Hodge Close, Cumbria.
October 28th 2003
The day started damp and drizzly. A bit of mist about but the sort of grey sky that knocks the life out of almost any subject. I’d spent the previous afternoon scouting around with the Bronica in Ribblehead and Birkdale without too much luck.
I’d had my eye on Hodge Close for a while but it seemed a tricky location. There were only three practical ways down into it. One was via the adjacent quarry which brought you to a platform over the water, just visible on the left. Another was by a difficult scramble over a mixture of broken rock and scrap iron dumped at the far end of the close. The last route was by rope which still left the question of how to get back out.

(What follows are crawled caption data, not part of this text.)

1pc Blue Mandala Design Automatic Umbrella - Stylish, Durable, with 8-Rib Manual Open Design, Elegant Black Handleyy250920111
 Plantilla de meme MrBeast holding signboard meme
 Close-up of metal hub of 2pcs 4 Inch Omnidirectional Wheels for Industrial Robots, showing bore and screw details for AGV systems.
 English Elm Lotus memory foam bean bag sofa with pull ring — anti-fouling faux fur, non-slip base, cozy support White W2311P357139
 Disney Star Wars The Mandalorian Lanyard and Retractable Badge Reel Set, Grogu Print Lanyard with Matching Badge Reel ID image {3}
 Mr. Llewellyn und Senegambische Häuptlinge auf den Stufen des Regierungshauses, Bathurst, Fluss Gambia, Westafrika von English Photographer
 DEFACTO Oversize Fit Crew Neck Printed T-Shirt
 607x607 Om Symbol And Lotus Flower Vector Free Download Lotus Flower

I thought the weather conditions as they were, would suit the rock surface and I had been experimenting with making panoramic images by stitching together shots from my Nikon digital compact.
I set off with the intention of shooting a panoramic from the platform. I was in for a surprise.
Since my last visit a huge amount of rock had been tipped into the Southern end of the quarry. This did a lot to relieve the eyesore of dumped cars and refrigerators but more importantly for me, made the scramble into the close a much safer bet.
Leaving the Broni in the van I grabbed a tripod and the compact and started down the scree.
Of course, having descended to this part of the quarry I now regretted not humping the medium format film gear down with me. This was a viewpoint I had never actually got to before and sure enough the soft light and the dampness of the rock brought the texture out beautifully.
The water was dead still and the greenish tint is probably from the abundant copper ores in the area.
I took a couple of Raw frames then changed over to Jepg for the panoramic components. I shot 12 vertical frames to make sure I had all the detail I needed. The final file is about 23mp. which I felt would give a decent 40” print length.
I experimented with a vertical panoramic shot which really did not work out and then climbed back out of the quarry. Click the image above to see larger versions.
At the top I stopped to take a frame of the sky to fill the patch of sky in the top of the panorama which I knew the sensor could not have held against the rest of the shot.
Job done I thought. I contemplated taking the film camera down to do anther shot but the drizzle had returned and the reflection was now less good.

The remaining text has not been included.